China's outbound M&A volumes nearly halved in the first six months of 2017 following the central government's supervision of capital outflows, data showed, and its new scrutiny of acquisitive groups, including Anbang and HNA, is set to dampen Asian deal flow further.
Overseas deals by Chinese companies — the engine of M&A activity in Asia — fell 49 percent in the first half of 2017 from the year-ago period to $64.2 billion, dragging down regional deal volumes, according to Thomson Reuters data.
The total value of announced M&A activity in the Asia-Pacific region fell 15 percent in the first half of this year to $458.4 billion from the year-ago period, the data showed. China was the top nation for both inbound and outbound deals in the Asia-Pacific region for the half year, attracting $28.5 billion worth of inbound deals.

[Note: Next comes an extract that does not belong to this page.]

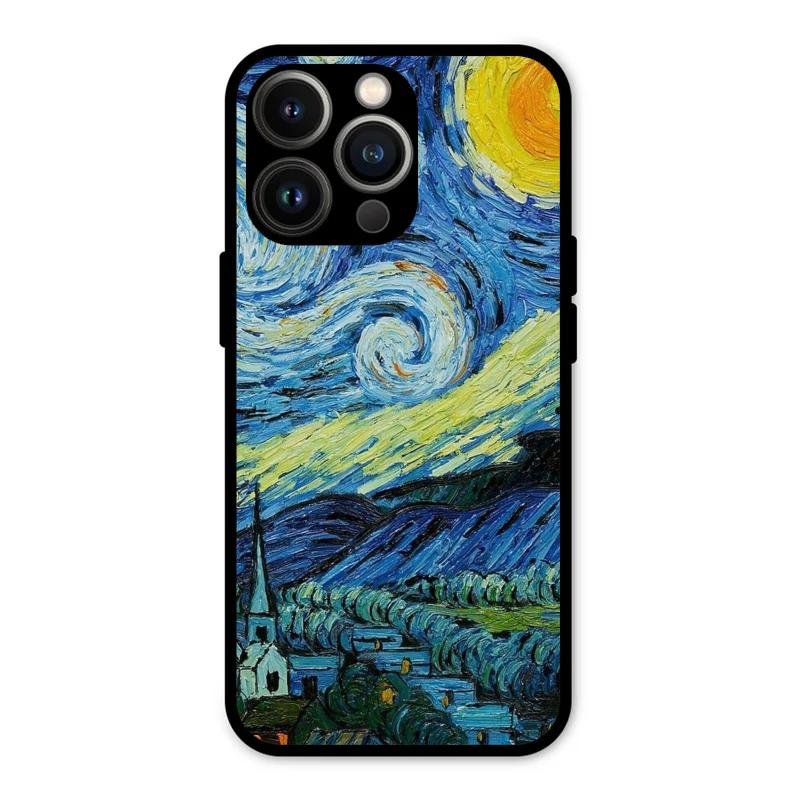 Van Gogh Art Glass Case Cover For iPhone - ShopOnCliQ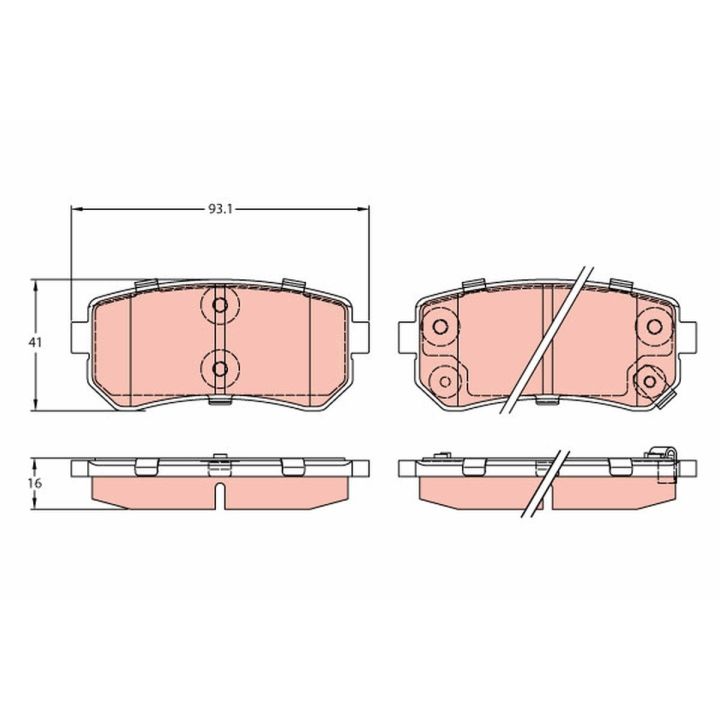 Stabdžių trinkelių rinkinys, diskinis stabdys TRW GDB3421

A slowdown in Chinese deals, especially large-sized ones, could inflict further pressure on Asian revenues of Wall Street banks, who are already feeling the pain of growing competition from Chinese investment banks. M&A is among the few areas where Chinese banks haven't already gained a strong foothold.

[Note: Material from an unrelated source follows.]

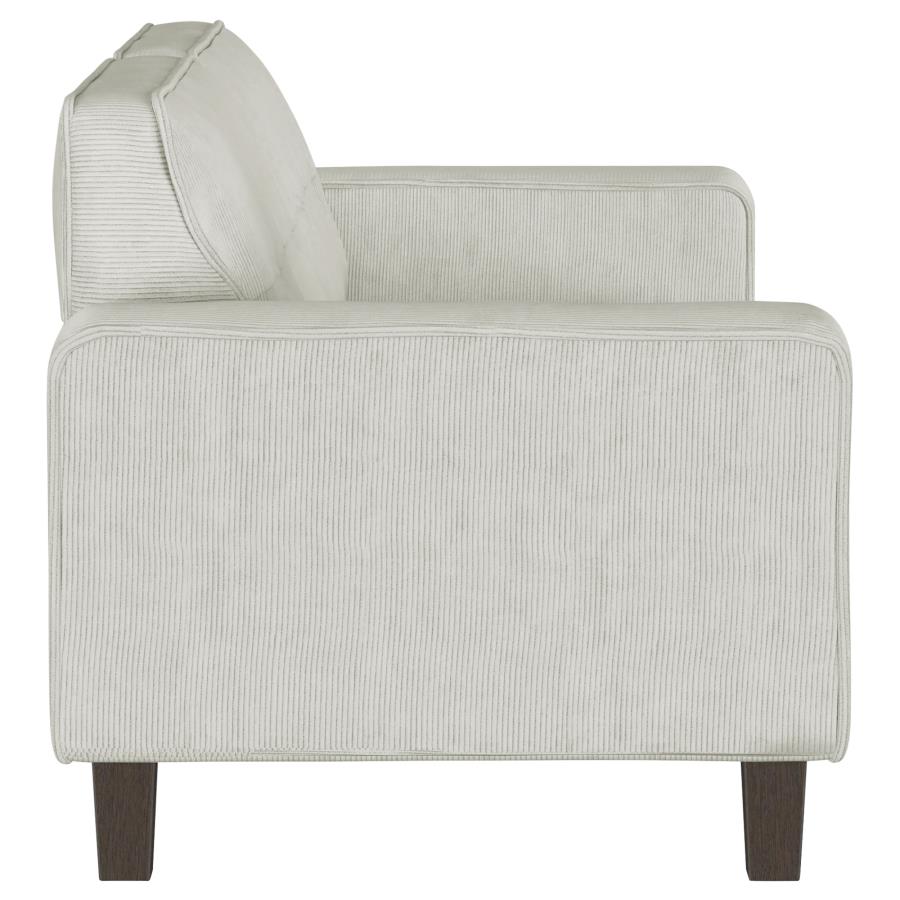 Deerhurst Upholstered Track Arm Tufted Sofa Greige view 9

Chinese firms spent a record $221 billion on assets overseas, ranging from movie studios to football clubs in 2016, but Beijing's move to prop up the yuan by restricting capital outflows has made it tougher for domestic buyers to win deals abroad.

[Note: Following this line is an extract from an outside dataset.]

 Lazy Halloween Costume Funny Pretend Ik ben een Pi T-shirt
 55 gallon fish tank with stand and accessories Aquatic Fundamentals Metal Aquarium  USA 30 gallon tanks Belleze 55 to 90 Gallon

Still, Chinese State-owned firms struck some of Asia's top deals in the first half. China Investment Corp wrote a 12.25 billion euros ($13.93 billion) cheque to acquire European warehouse firm Logicor from private equity group Blackstone, the region's largest during the first half.
But this year is unlikely to see any blockbuster deals such as last year's roughly $44 billion ChemChina-Syngenta tie-up. Bankers instead expect more activity to be driven by private equity firms.